__The task__: Return all of the data exactly as written, without the pictures.

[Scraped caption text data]

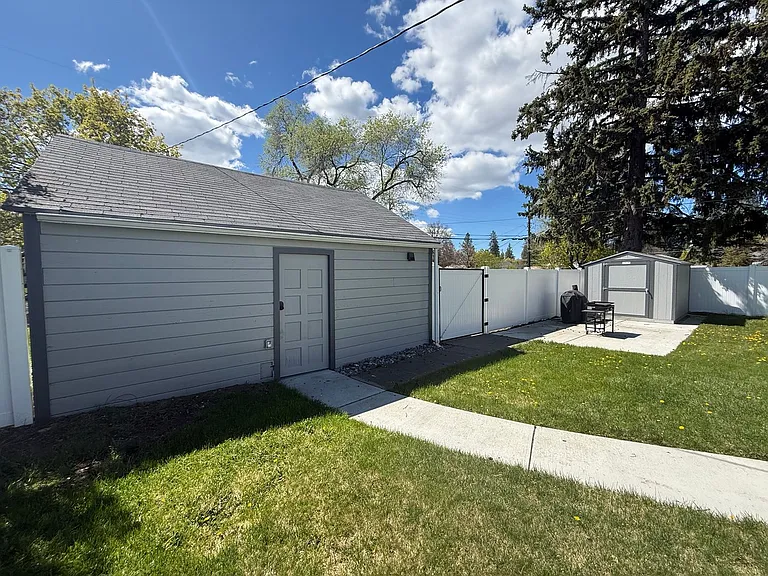 2821 W Rowan Ave — Photo 20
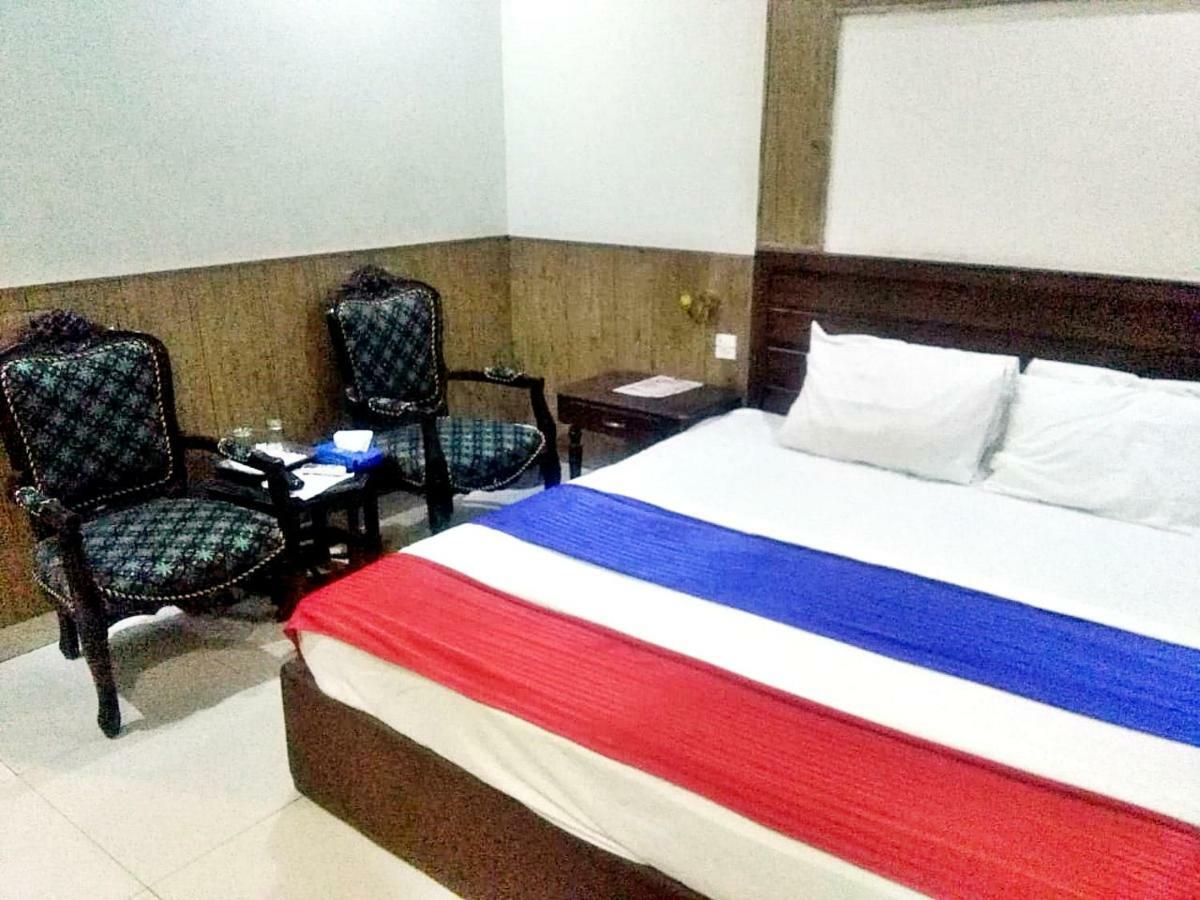 Quick Continental Hotel - Jail Road Lahore Exterior photo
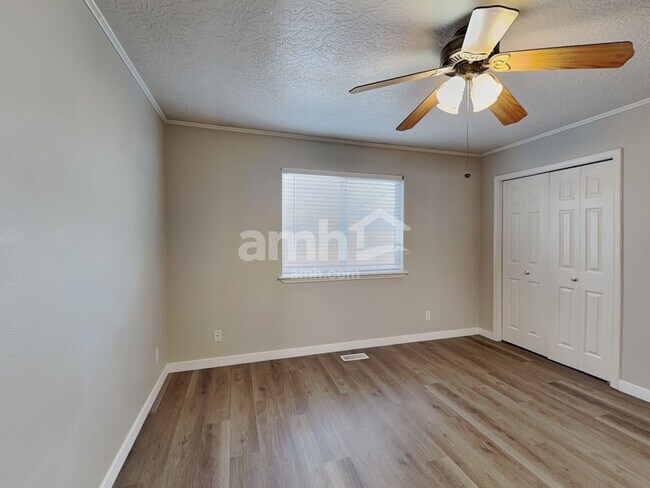 Building Photo - 410 W Mule Ct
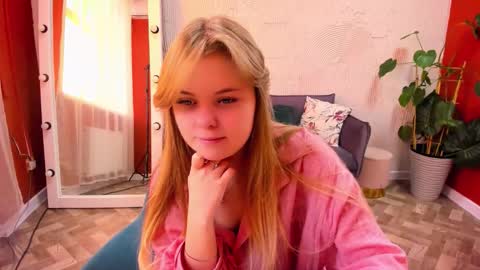 Sophia online show from November 21, 4:47 am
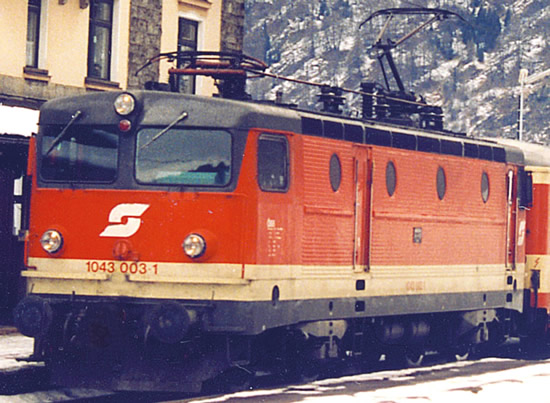 Roco 79393 - Austrian Electric Locomotive 1043.003-1 of the ÖBB (Sound Decoder)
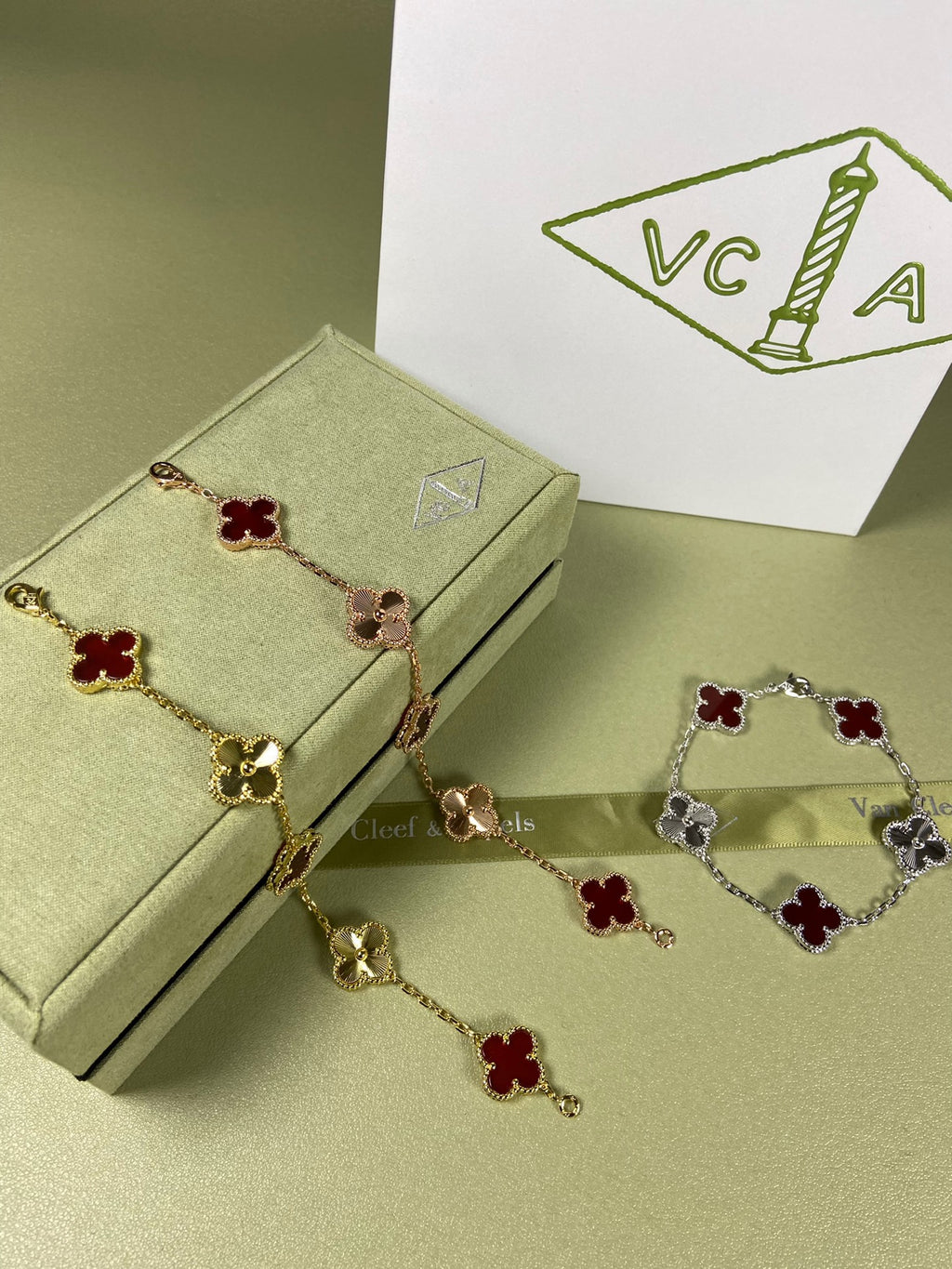 5XVA181K  Popular bracelets  5 flowers normal size1.5cm flower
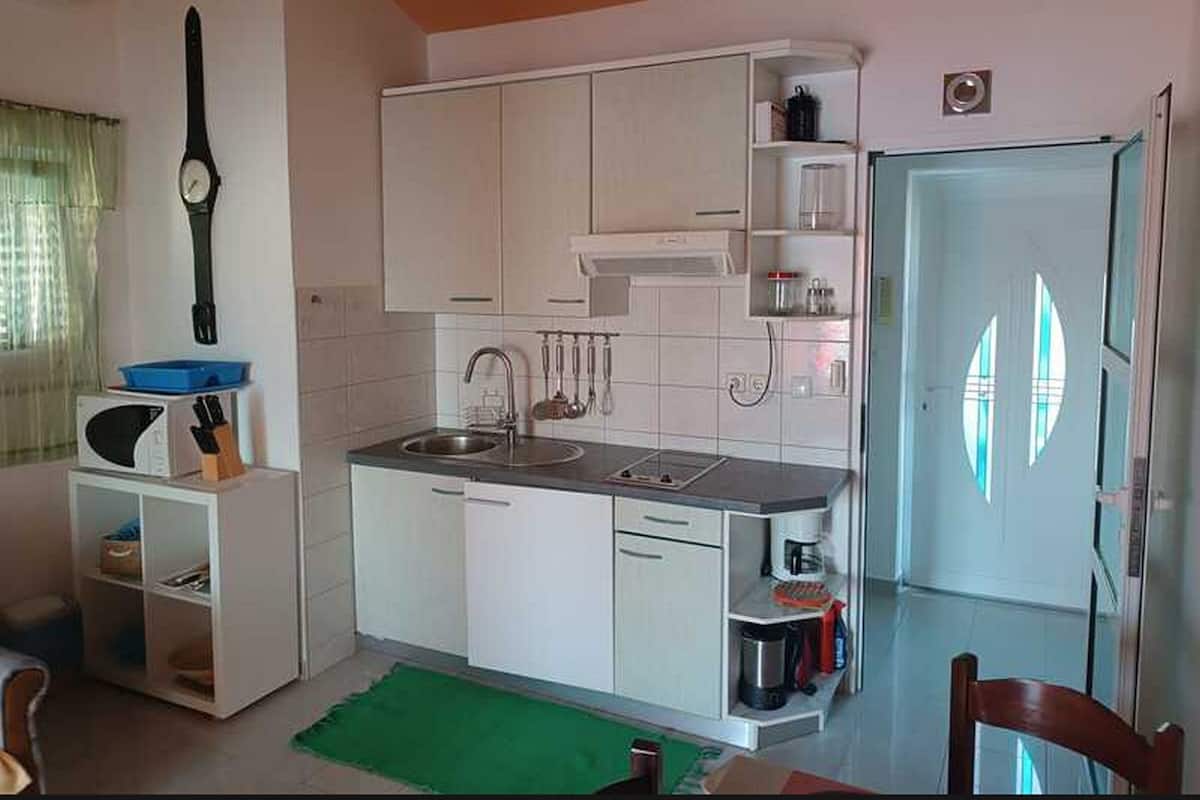 Apartment (A4) | Eigene Küche | Kühlschrank, Mikrowelle, Herdplatte, Wasserkocher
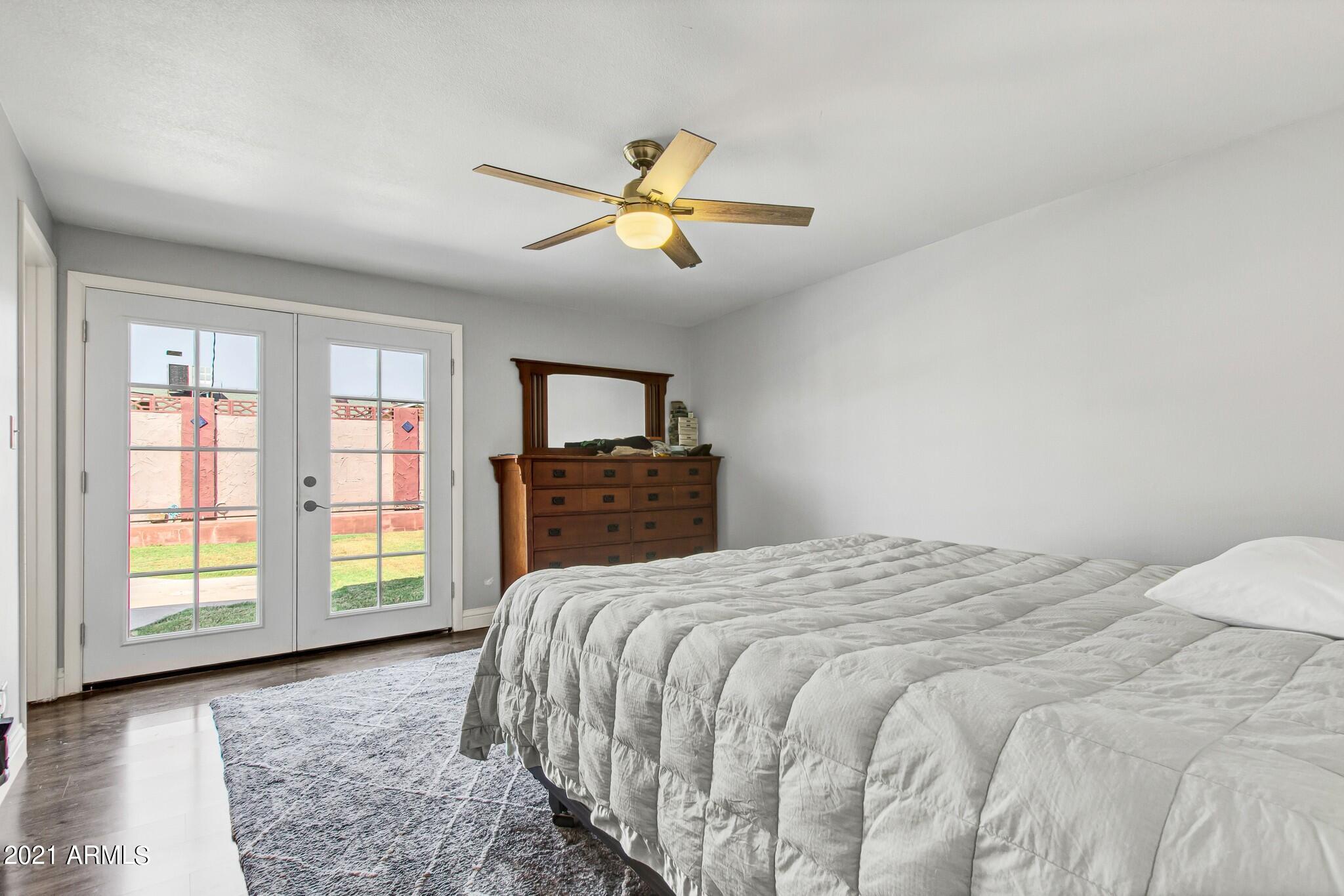 3734 West Griswold Road Phoenix, AZ 85051 - Photo 10 of 23 25-Griswold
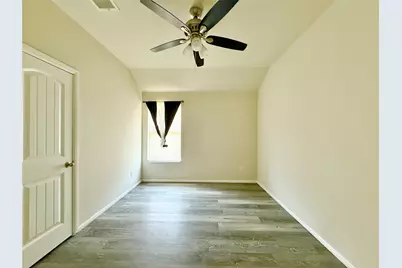 240 Crowfoot Drive, Fort Worth, TX 76131 - Photo 15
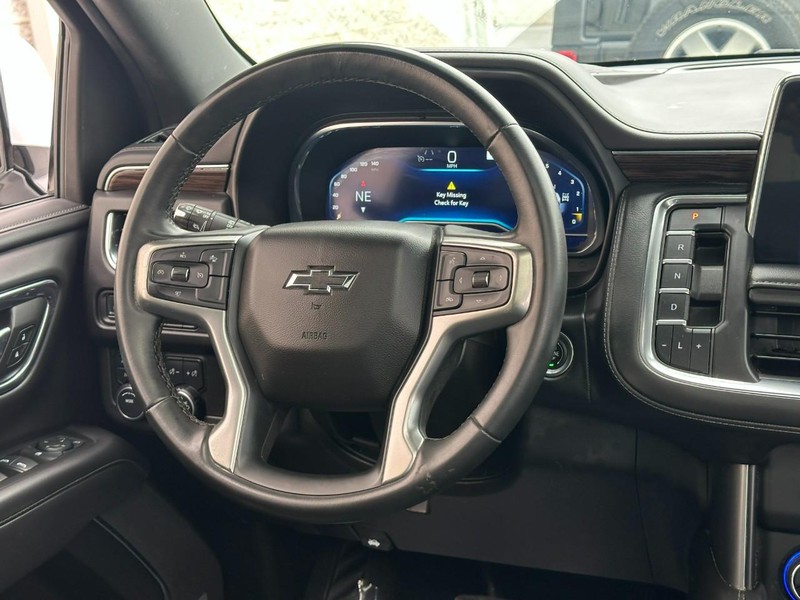 Chevrolet Suburban Vehicle Full-screen Gallery Image 15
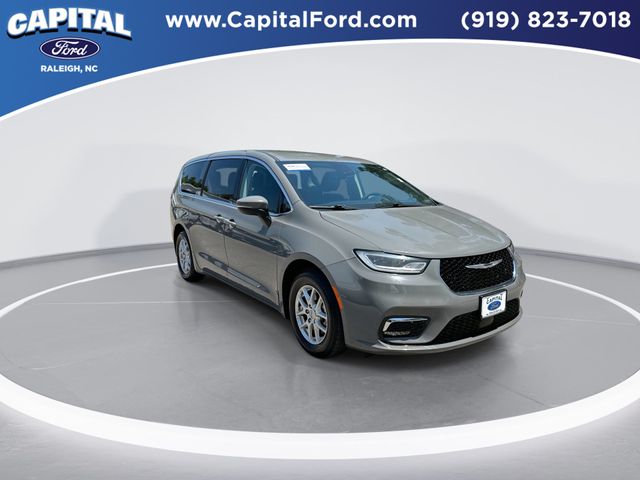 Used 2023 Chrysler Pacifica - photo 27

__Exercise output__:
 2821 W Rowan Ave — Photo 20
 Quick Continental Hotel - Jail Road Lahore Exterior photo
 Building Photo - 410 W Mule Ct
 Sophia online show from November 21, 4:47 am
 Roco 79393 - Austrian Electric Locomotive 1043.003-1 of the ÖBB (Sound Decoder)
 5XVA181K  Popular bracelets  5 flowers normal size1.5cm flower
 Apartment (A4) | Eigene Küche | Kühlschrank, Mikrowelle, Herdplatte, Wasserkocher
 3734 West Griswold Road Phoenix, AZ 85051 - Photo 10 of 23 25-Griswold
 240 Crowfoot Drive, Fort Worth, TX 76131 - Photo 15
 Chevrolet Suburban Vehicle Full-screen Gallery Image 15
 Used 2023 Chrysler Pacifica - photo 27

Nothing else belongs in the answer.